* **Input material**

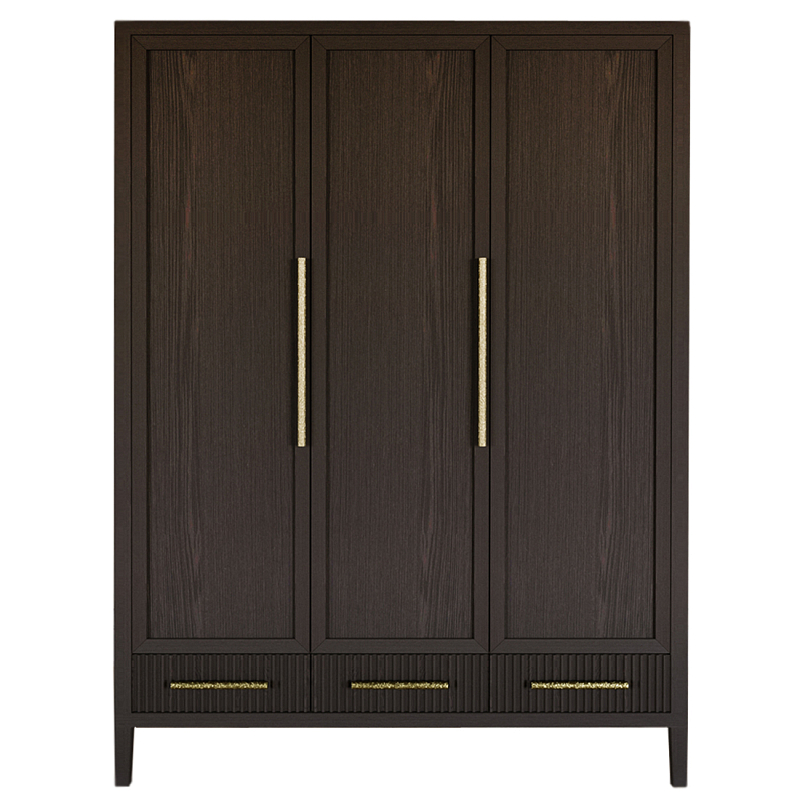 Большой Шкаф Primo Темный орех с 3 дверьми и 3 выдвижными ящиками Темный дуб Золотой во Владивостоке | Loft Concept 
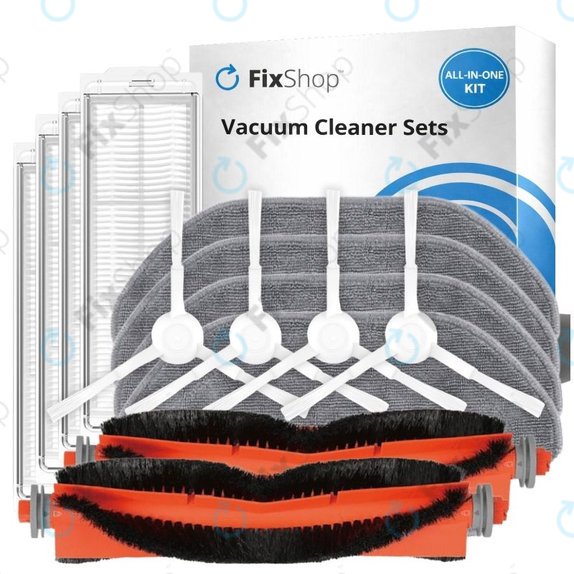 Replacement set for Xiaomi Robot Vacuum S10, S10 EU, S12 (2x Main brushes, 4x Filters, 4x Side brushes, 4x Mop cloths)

==

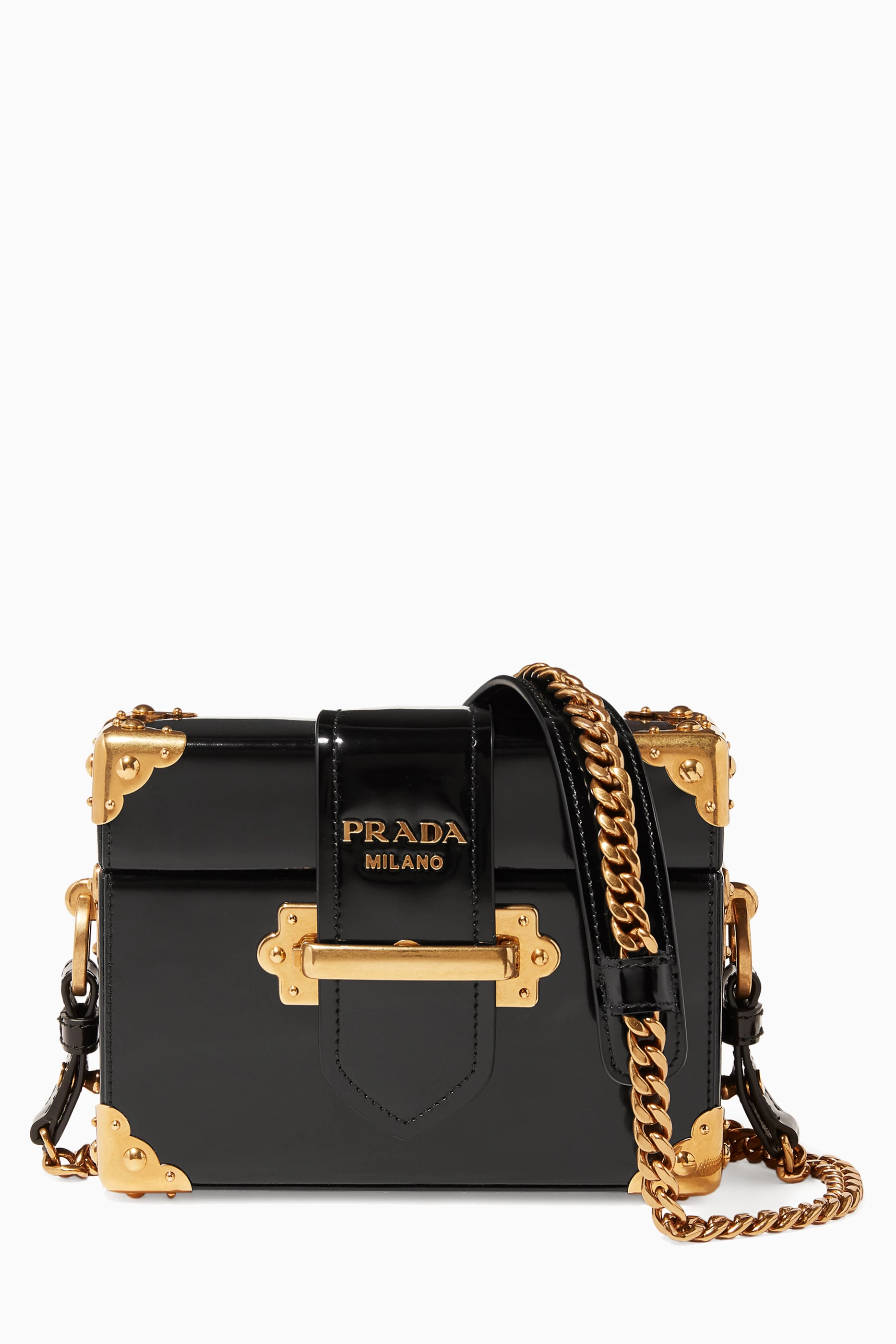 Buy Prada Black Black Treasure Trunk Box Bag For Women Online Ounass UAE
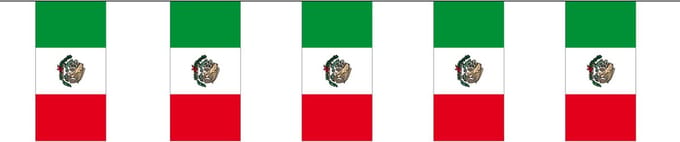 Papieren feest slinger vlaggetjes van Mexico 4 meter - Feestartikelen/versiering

...

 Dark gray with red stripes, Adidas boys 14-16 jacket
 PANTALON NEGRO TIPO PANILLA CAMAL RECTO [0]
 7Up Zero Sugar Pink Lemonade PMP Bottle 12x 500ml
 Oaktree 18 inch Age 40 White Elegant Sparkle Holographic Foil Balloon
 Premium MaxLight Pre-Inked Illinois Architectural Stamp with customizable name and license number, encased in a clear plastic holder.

* **What you have to do**
Please copy, exactly as written, every line in the listing above from the line with "PANTALON NEGRO TIPO PANILLA CAMAL RECTO [0]" up to and including the line with "Premium MaxLight Pre-Inked".

* **Solution to the problem**
 PANTALON NEGRO TIPO PANILLA CAMAL RECTO [0]
 7Up Zero Sugar Pink Lemonade PMP Bottle 12x 500ml
 Oaktree 18 inch Age 40 White Elegant Sparkle Holographic Foil Balloon
 Premium MaxLight Pre-Inked Illinois Architectural Stamp with customizable name and license number, encased in a clear plastic holder.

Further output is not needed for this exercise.